Preoperative Factors Associated with Major Perioperative Bleeding in End-Stage Renal Disease Patients on Long-Term Dialysis Undergoing Non-Elective Abdominal Surgeries
Claire A. Ostertag-Hill*1, Joy Zhou Done3, Olivia Ziegler3, Siva Vithiananthan2
1Surgery, Rhode Island Hospital/Brown University, Providence, RI; 2Surgery, Miriam Hospital/Brown University, Providence, RI; 3The Warren Alpert Medical School of Brown University, Providence, RI
To determine the prevalence and risk factors for perioperative bleeding in patients on dialysis undergoing non-elective abdominal surgery
Retrospective cohort study
Participating American College of Surgeons-National Surgical Quality Improvement Program (ACS NSQIP) hospitals between 2005-2017
Patients (or Other Participants)
Patients age 18 and older on current dialysis who underwent a number of non-elective abdominal surgery procedures at a participating ACS NSQIP hospital, as defined by primary procedure CPT code.
Interventions (if any)
Main Outcome Measure (s)
Major perioperative bleeding, defined as bleeding requiring transfusion within 72 hours after surgery, and risk factors for major perioperative bleeding.

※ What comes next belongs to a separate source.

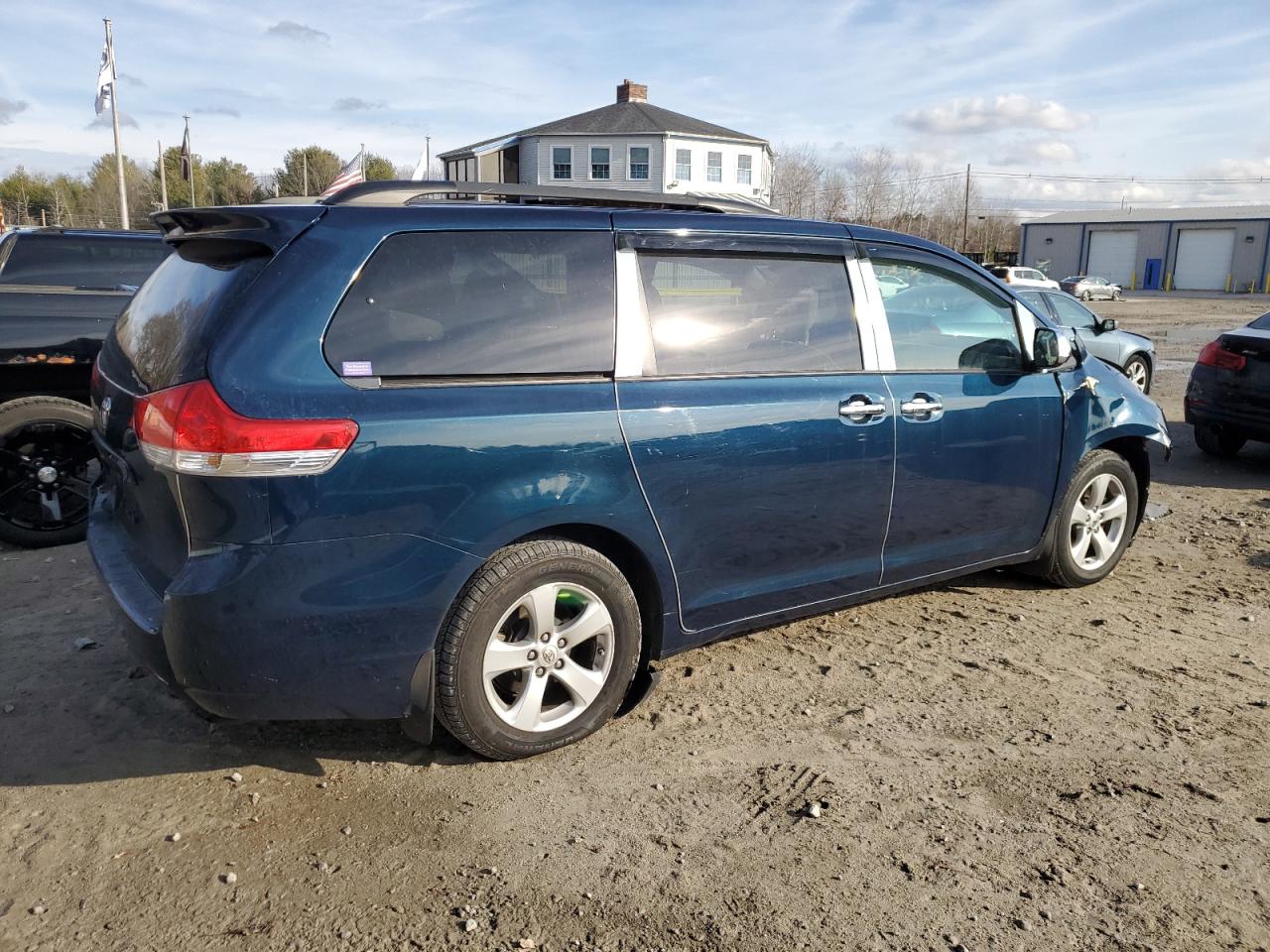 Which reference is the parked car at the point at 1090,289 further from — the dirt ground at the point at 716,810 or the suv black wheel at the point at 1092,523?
the dirt ground at the point at 716,810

Of 9,102 patients on dialysis undergoing non-elective abdominal surgery, 2,793 (30.7%) experienced major perioperative bleeding requiring transfusion, and 2,002 (22%) died within 30 days of surgery. By multivariable logistic regression, patients who were female, dependent in ADLs, ventilator-dependent, had disseminated cancer, or had chronic steroid use were at elevated risk for major perioperative bleeding. Elevated PTT, BUN, anemia, and hypoalbuminemia were also associated with higher odds of major bleeding. Compared to patients undergoing herniorrhaphy (lowest risk), the odds of major perioperative bleeding were highest for patients undergoing hepatic (OR=18.09), splenic (OR=10.86), and pancreatic surgery (OR=9.59). Major perioperative bleeding was associated with increased 30-day mortality (34.0% vs. 16.7%, p<0.001).
Patients with ESRD experience high rates of bleeding requiring transfusion following emergent abdominal surgery. Derangements in preoperative labs and baseline patient characteristics may be useful in assessing bleeding risk in this patient population.